War auch richtig so, denn wenn die Arena infolge der Berieselung mit Danziger Goldwasser schon das Bruttosozialprodukt eines Landes wie Nigeria oder Moldawien verschlingt, sollte sie wenigstens auch intensiv genutzt werden.

Kulkwitz verwinnt das Derby

Auch hier erwiesen sich die Kulkwitzer als anständige Gastgeber. Sowohl die zweite als auch die erste Herrenmannschaft ließen ihren Gästen den Vortritt.

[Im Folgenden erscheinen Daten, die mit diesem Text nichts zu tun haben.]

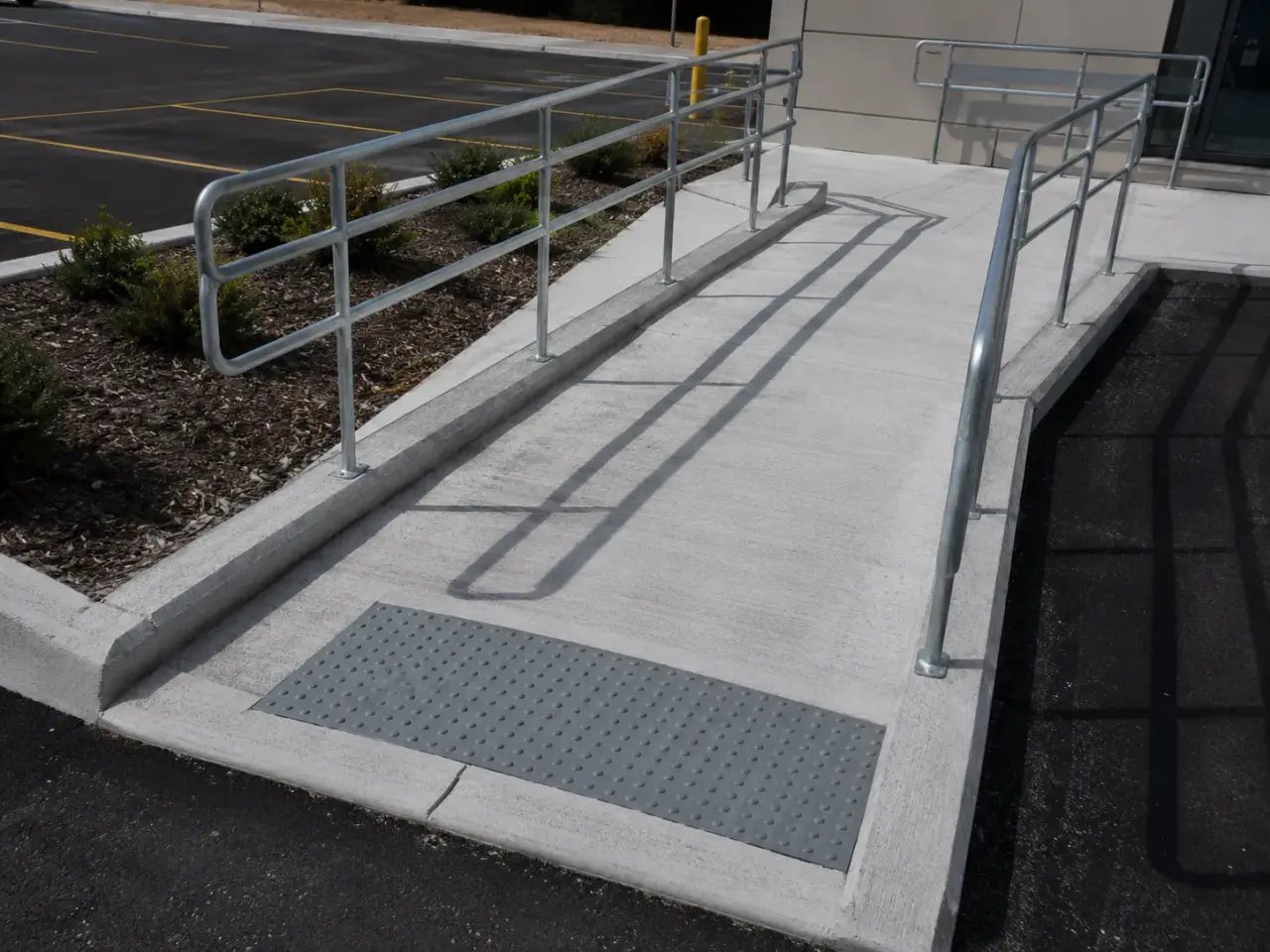 Accessibility Ramps in Ajax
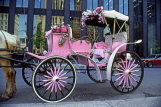 CANADA, Quebec, MONTREAL, Old Town, horse drawn carriage (caleche), MON398JPL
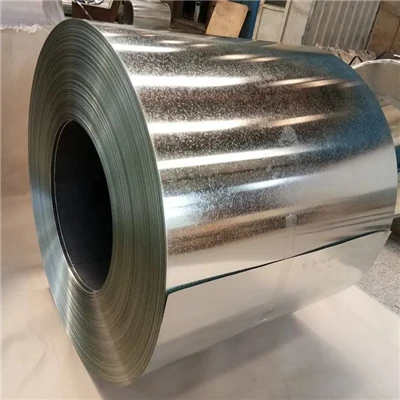 Bobina de chapa de acero galvanizado Z275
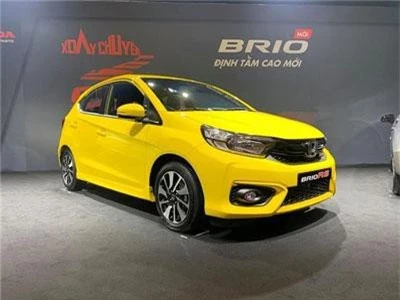 Honda Brio vừa được ra mắt ngày 18/6.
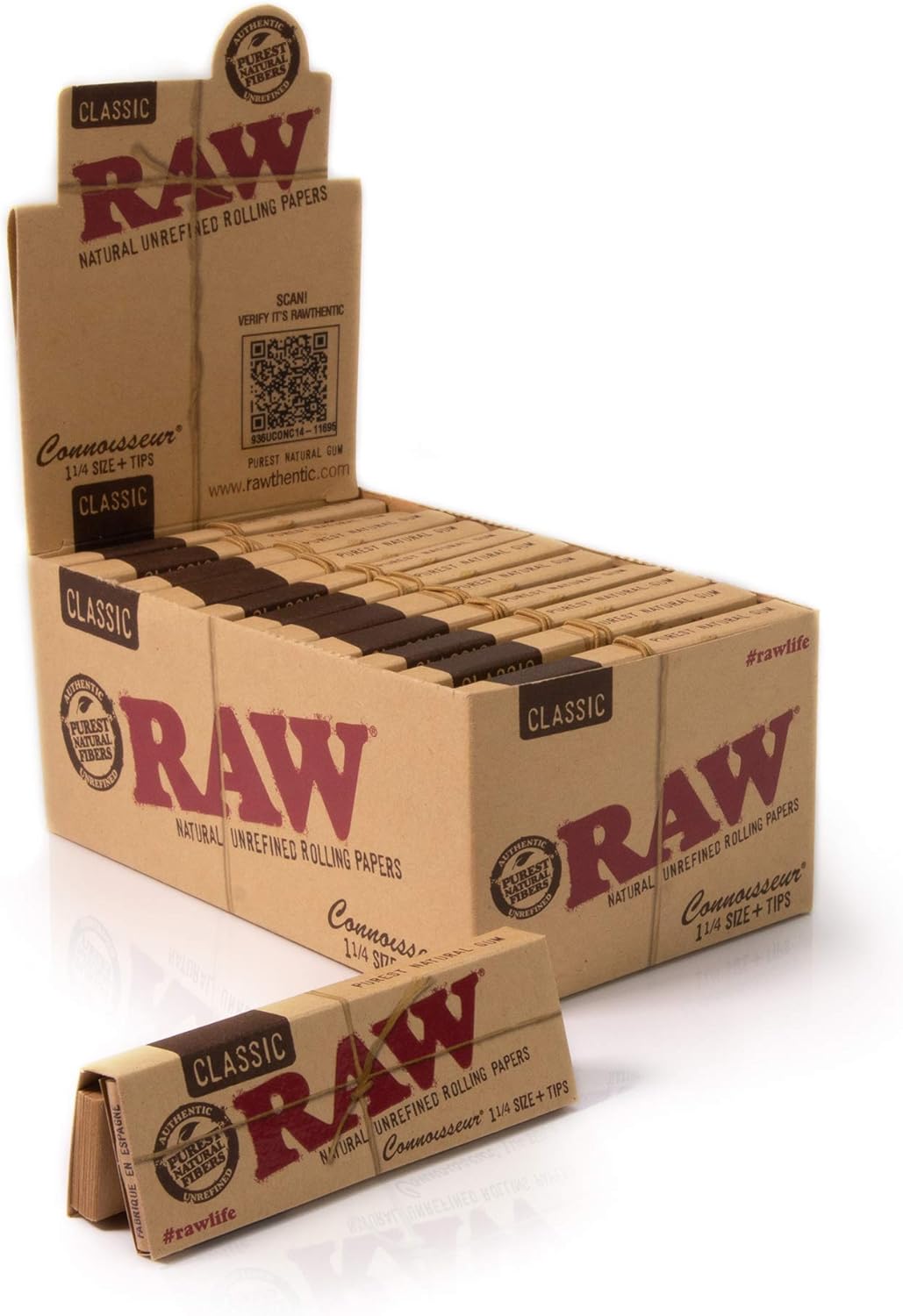 raw rolling papers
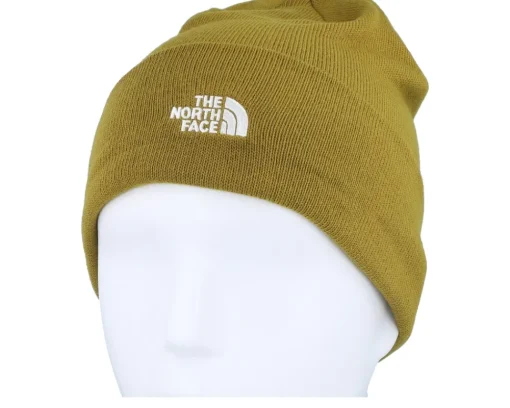 Outdoor | Cuff Beanies-The North Face Norm Moss Green Cuff -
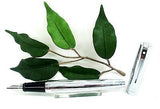 Sheaffer 300 Fountain Pen all Chrome Body Medium Nib Gift Boxed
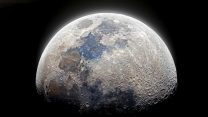 Опубликована Гигалуна — самое детализированное фото Луны в истории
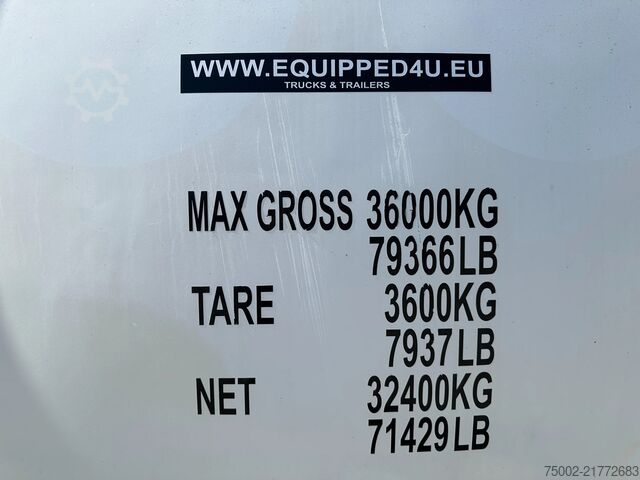 Tank container CIMC 20FT ISO / 25.020L / 1 comp. / L4BN / UN Porta...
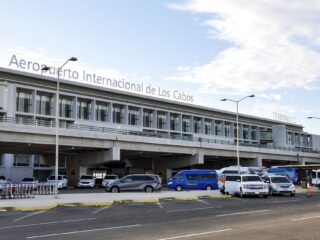 Los Cabos Airport entrance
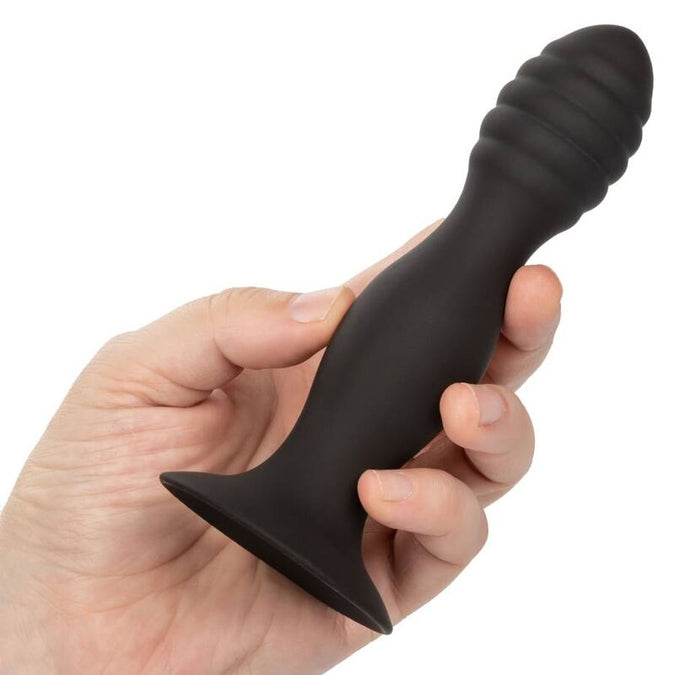 CALEXOTICS - GERIBBELDE ANALE PLUG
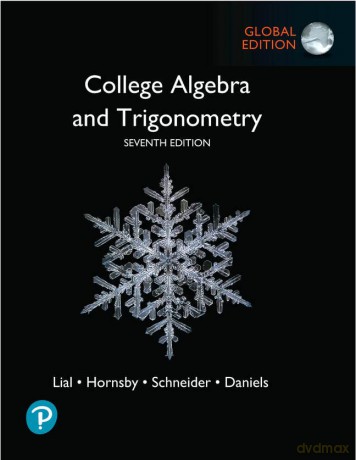 College Algebra and Trigonometry, Global Edition - Margaret L Lial [KSIĄŻKA]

Weil aber schon vorher alles in trockenen Tüchern war (die Erste erhält sogar die Klasse) und die KFV-Cheerlederinnen sowieso alle Aufmerksamkeit auf sich zogen, waren die Ergebnisse eher zweitrangig. Auch verwonnene Spiele versteht man in Kulkwitz zünftig zu feiern.

Mut zum Weitermachen

Unterm Strich stand dann trotzdem das Gefühl des Erfolgs. Das KuGäSe 2018 war das würdige Präludium für eine neue Serie attraktiver Heimatfeste an den Ufern der Vernässungsfläche. Da werden sicher noch zahlreiche Fortsetzungen folgen, wenn sich die vielen Macher nicht von den wenigen Meckereren entmutigen lassen.

 

1 Kommentar

  1. Das war ein Superding!
    hat Spass gemacht.

    Danke noch mal an die Veranstalter besonders alle die welche die Arbeit erledigt haben!